今年新任の英語教師で、泣きボクロとメタルフレームのメガネが印象的な人気教師だ。
「先生、どうかしたんですか?」
「えー?ないと言えば無いし、あると言えばある。」
「なに、それー?」
綾乃と二人で目を合わせて、お互い首を傾げた。
あ、もしかしてテストの事かな。
「テスト?今回、英語の範囲広いんですか?」
「うん?あぁテストね。そんなに広くないよ。ていうか、神崎ちゃんは範囲とか関係なくない?俺、いつも丸ばっかり付けてるのは気のせい?」
「先生、それあたしに対するイヤミ?どうせあたしは英語苦手ですよっ!」
「林ちゃんは、ちょーっと真面目にやらなきゃヤバいかも…。」
「マジで!?いやぁあ!唯、英語教えてぇぇ!!」
綾乃は英語が苦手だ。私の日本史と変わらない点数をさまよっている。お互い笑えない…。

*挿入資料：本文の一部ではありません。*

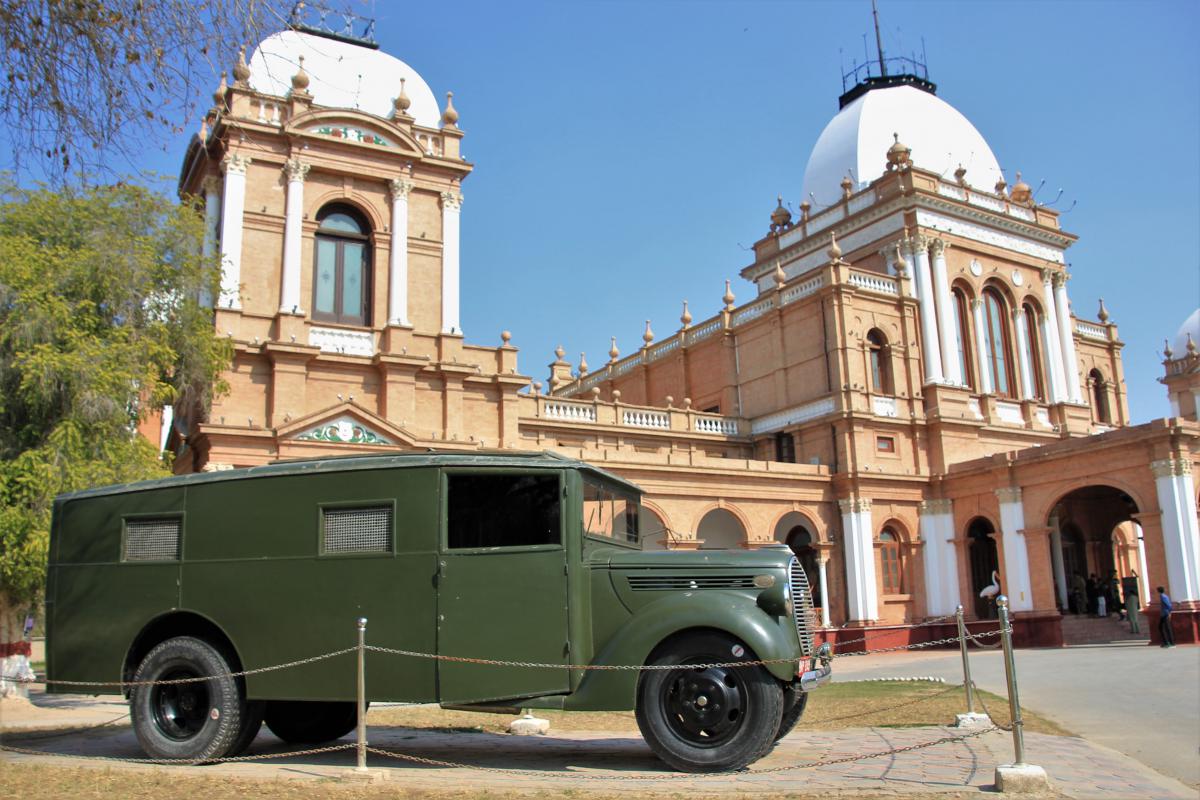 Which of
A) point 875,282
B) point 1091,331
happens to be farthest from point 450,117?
point 1091,331

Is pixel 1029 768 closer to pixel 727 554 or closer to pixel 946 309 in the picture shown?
pixel 727 554

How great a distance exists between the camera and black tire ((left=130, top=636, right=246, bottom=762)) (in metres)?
8.80

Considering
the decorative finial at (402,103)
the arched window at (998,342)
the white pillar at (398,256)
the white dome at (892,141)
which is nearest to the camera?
the white pillar at (398,256)

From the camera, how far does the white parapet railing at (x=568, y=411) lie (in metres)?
30.1

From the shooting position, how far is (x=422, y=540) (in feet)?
28.3

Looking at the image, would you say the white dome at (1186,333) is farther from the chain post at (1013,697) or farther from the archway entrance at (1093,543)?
the chain post at (1013,697)

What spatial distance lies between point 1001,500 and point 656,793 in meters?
26.2

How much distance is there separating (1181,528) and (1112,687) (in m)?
12.8

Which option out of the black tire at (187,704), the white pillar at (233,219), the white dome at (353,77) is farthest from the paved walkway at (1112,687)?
the white dome at (353,77)

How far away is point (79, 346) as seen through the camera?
15945 millimetres

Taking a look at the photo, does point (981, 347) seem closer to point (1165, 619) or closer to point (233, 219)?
point (1165, 619)

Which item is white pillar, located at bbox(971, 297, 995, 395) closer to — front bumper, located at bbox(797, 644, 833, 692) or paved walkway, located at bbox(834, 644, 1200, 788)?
paved walkway, located at bbox(834, 644, 1200, 788)

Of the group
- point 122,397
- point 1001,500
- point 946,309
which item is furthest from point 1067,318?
point 122,397

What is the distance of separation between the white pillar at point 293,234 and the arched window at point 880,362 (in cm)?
1847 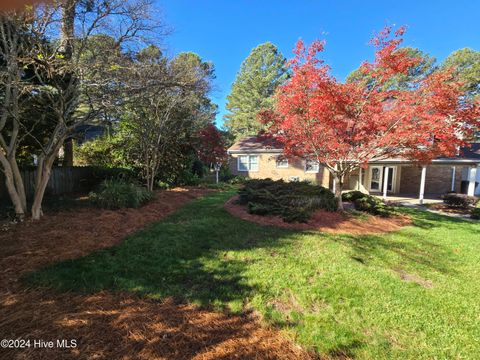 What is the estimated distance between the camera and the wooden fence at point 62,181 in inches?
305

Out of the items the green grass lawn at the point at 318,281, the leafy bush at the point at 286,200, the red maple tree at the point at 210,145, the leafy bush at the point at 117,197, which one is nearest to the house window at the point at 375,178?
the leafy bush at the point at 286,200

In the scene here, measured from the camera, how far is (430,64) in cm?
2619

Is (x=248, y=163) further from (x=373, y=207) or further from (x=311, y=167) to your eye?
(x=373, y=207)

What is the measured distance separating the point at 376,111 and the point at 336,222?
3.46m

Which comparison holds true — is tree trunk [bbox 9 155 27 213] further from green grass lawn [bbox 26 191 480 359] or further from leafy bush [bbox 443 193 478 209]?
leafy bush [bbox 443 193 478 209]

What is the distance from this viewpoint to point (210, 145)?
15148mm

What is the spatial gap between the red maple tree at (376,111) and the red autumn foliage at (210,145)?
24.2 ft

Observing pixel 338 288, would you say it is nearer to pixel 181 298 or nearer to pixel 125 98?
pixel 181 298

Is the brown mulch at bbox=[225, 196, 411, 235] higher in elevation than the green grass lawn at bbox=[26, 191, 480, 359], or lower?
higher

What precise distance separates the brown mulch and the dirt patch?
2.10 meters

「綾乃、勉強しよう!私、今回日本史ダメっぽいもん。赤点取ったら、パパに雷落とされる!」
「そうね!早乙女先生、あたし頑張ります!目標40点で!!」
「低っっ!!林ちゃん、せめて60点とか言おうよ。俺、担任の先生に怒られちゃうじゃん。」
「先生、あたしが60点とか取れると思ってる?」
「「…無理だねぇ…」」
早乙女先生と声が被った。ぶはっと吹き出したら、綾乃は何よーと怒ってさっさと行ってしまったので、仕方なく追いかけてようと先生に挨拶しようとしたらバランスを崩し、よろけた。
「おっ…と。大丈夫?」
その声が聞こえたのは頭の上で、顔を上げて見ると私が先生の胸に寄りかかるように倒れ込んでいた。
「あ、すいません。先生にご迷惑かけますね。」
「いやー?迷惑じゃなかったりするし、むしろ歓迎するけど。」
「?」
「ねぇ、神崎ちゃんさぁ、か「ゆーいー!!早くー!!!」」
「あ、綾乃が呼んでる。じゃあ先生、ありがとうございました。さよならー。」
「あぁ…うん。気をつけて。」
なんか舌打ちっぽいの聞こえたけど、気のせいかな。
今度こそ帰ろうと、綾乃と一緒に玄関を出た。
亨が言ってた、英語の新任教師登場。